Exercise details => Your answer must be every line of the data that holds the string "Black".

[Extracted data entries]
+ + + +
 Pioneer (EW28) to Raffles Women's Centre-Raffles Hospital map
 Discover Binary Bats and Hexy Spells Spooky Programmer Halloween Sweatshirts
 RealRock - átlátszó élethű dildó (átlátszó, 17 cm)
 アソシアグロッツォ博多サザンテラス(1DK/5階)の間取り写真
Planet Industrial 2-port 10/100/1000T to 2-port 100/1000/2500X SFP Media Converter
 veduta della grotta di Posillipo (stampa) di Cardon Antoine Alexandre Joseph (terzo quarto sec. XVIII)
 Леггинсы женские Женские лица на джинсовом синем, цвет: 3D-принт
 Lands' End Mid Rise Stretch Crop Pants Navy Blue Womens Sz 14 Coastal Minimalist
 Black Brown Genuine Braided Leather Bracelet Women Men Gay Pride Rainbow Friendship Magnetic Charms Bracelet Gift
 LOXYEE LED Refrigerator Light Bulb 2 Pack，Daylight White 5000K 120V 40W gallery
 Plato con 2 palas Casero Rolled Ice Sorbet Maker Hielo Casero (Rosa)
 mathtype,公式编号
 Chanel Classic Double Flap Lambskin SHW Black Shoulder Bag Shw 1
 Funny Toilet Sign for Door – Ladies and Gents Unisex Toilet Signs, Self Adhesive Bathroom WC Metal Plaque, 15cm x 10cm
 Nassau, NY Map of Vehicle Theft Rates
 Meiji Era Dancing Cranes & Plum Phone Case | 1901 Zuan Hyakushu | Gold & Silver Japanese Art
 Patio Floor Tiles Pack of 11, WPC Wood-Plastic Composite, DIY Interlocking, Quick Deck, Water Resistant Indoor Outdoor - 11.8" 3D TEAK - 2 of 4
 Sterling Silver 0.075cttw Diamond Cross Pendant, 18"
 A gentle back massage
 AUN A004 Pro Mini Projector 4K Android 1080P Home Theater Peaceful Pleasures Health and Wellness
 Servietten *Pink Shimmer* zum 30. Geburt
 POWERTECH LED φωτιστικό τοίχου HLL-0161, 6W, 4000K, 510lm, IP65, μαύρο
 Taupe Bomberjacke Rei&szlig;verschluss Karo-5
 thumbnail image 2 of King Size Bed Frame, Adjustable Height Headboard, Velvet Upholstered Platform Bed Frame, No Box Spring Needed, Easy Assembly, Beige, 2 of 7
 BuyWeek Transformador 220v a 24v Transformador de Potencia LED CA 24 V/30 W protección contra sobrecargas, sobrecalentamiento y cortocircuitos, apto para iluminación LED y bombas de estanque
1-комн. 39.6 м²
+ + + +
Expected answer =>
 Black Brown Genuine Braided Leather Bracelet Women Men Gay Pride Rainbow Friendship Magnetic Charms Bracelet Gift
 Chanel Classic Double Flap Lambskin SHW Black Shoulder Bag Shw 1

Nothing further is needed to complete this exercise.